Wikis lead to dispersion. Entries spread out over flat space: it’s easy to click around and feel disoriented. Decentering is staved off through the navigation bar on the right, which appears on any page and always points the way to ‘node’ pages: explanatory pages, author pages, even most popular pages. But there are also interesting ways in which the software itself provides order.
This version of Wiki, called Snip Snap, allows the use of a variety of simple macros (
see list of possibilities). During the semester, we placed a ‘recently changed’ macro in the navigation column, allowing users to see a list of the most recently altered or added entries.
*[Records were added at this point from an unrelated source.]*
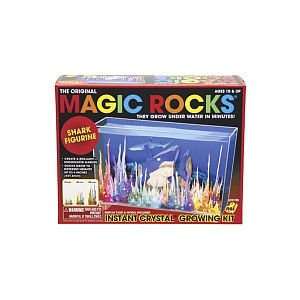  Magic Rocks Shark Toys & Games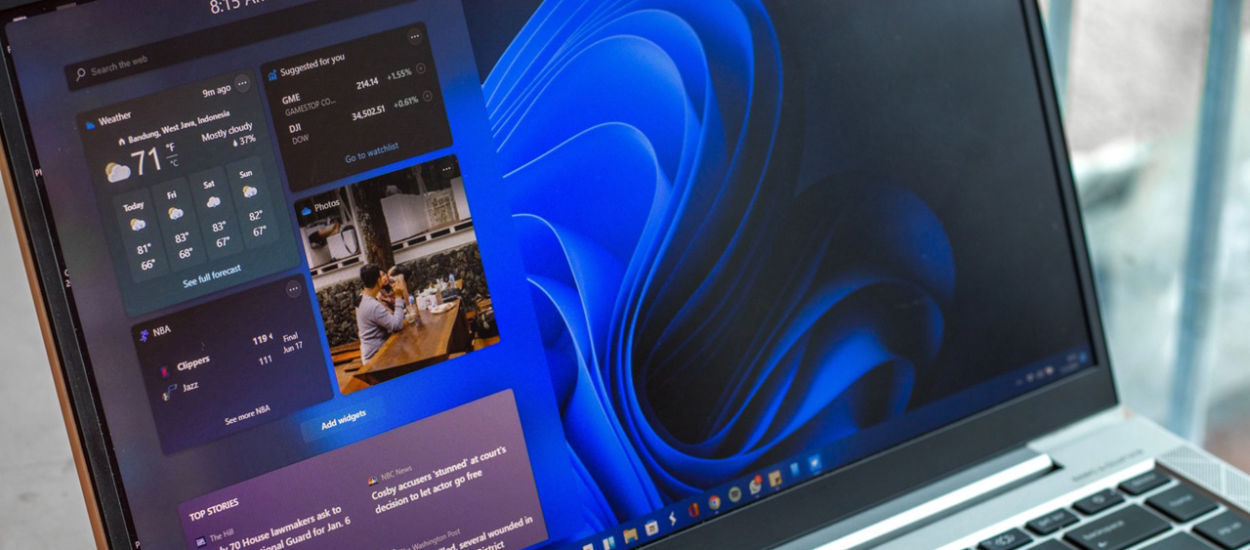 Microsoft gasi światło. Funkcja sprzed dwóch dekad znika
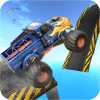 Monster Truck Stunts 2019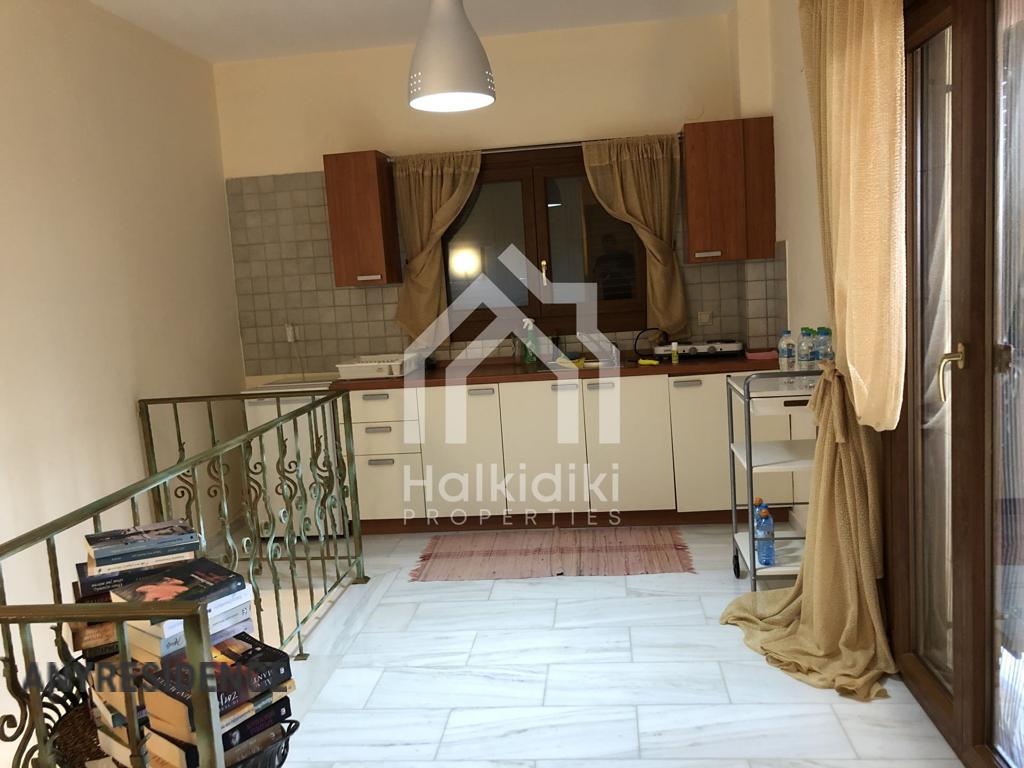 7 room townhome in Sithonia, photo #3, listing #2082773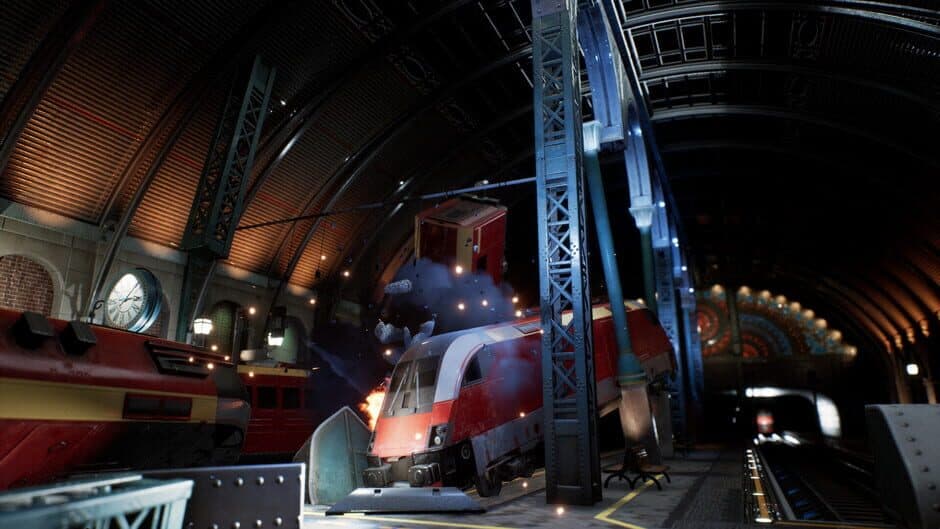 Time to Escape screenshot 4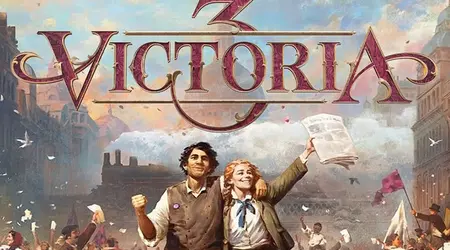 Fantastisk tilbud fra Paradox Interactive: det populære grand strategy-spil Victoria 3 er midlertidigt gratis på Steam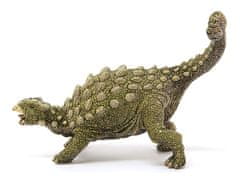 sarcia.eu SLH15023 Schleich Dinosaurus - Ankylozaur, figurka pre deti od 4 rokov a viac 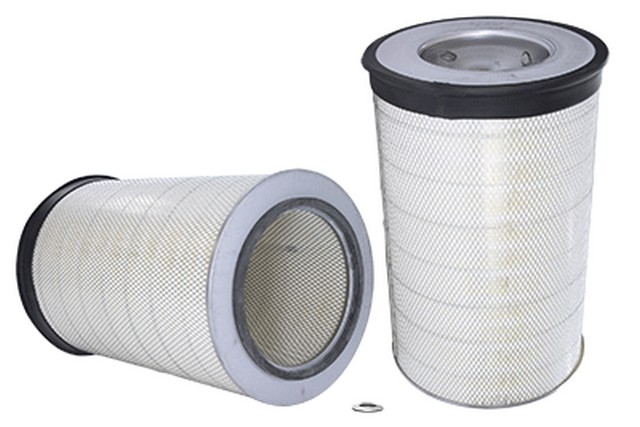 Wix Air Filter P/N:42018 Wix Air Filter P/N:42018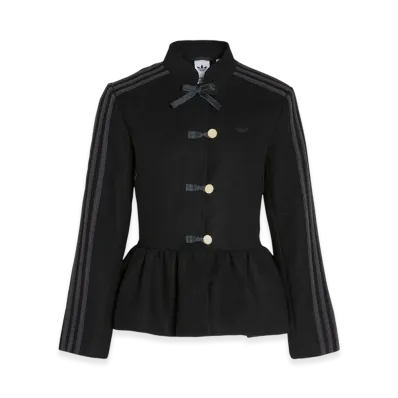 adidas New Year FW25 Jacket "Black"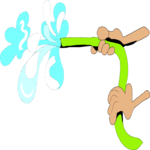 Water War 3 Clip Art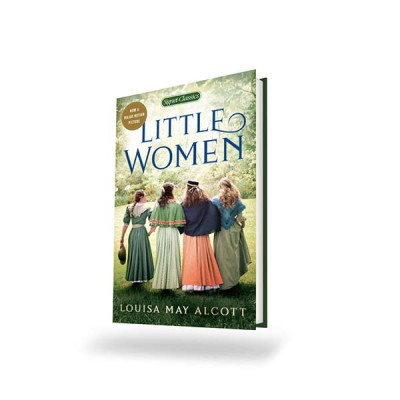 LITTLE WOMEN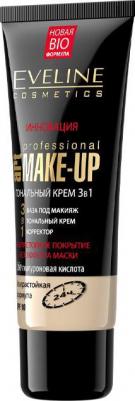 Тональный крем Art professional make up многофункциональный, 30 г 5907609336897 – фото 2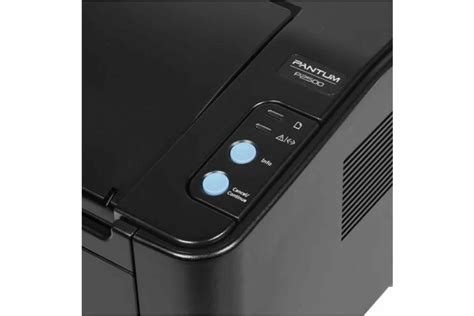 Принтер Pantum mono laser P2500W - выгодная цена, отзывы ...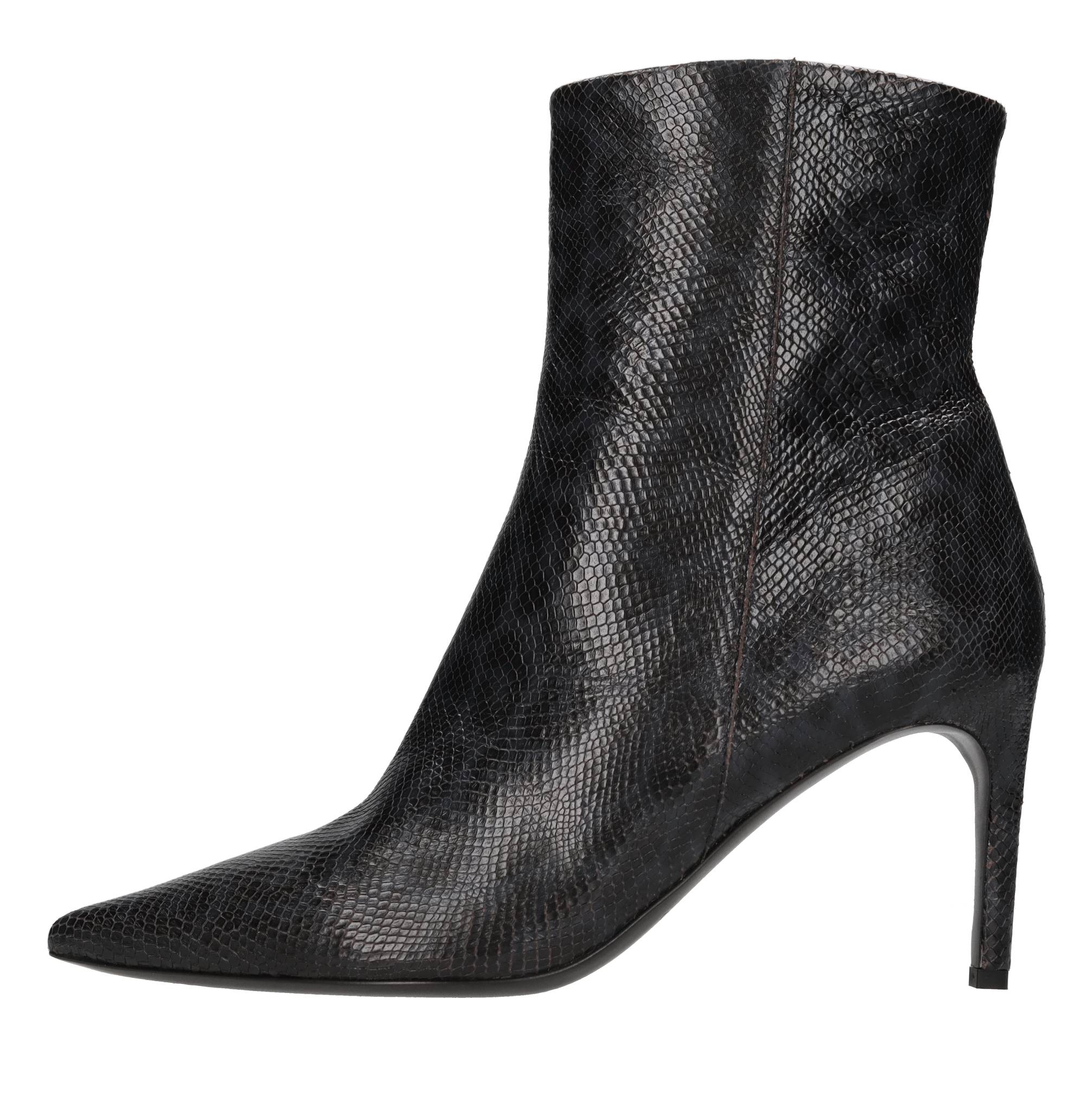 Del Carlo Tierstiefel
This list has been replaced in RAP’s afterlife by a macro listing the 50 most viewed pages: certain poems have been inexorably crawling up this list, but some user home pages and a few popular student postings are hanging on.
The Wiki’s ‘search’ function (which we placed in the top right corner of any page) allows for very literal text-based searches that can nonetheless group entries in an interesting way. For example, try searching for ‘heart’.
Then there is the sometimes inscrutable coding that leads this Wiki to list certain entries under the "See also" heading at the bottom of any page. (There are some bugs in the program, and some of these computer-suggested links don't actually work properly.) Romanticists may be overfond of ghosts in machines, but it can be of interest to be led by the computer from Mary Robinson's
The Haunted Beach to Shelley's
The Mask of Anarchy, say - both stunned inventories of murder, come to think of it.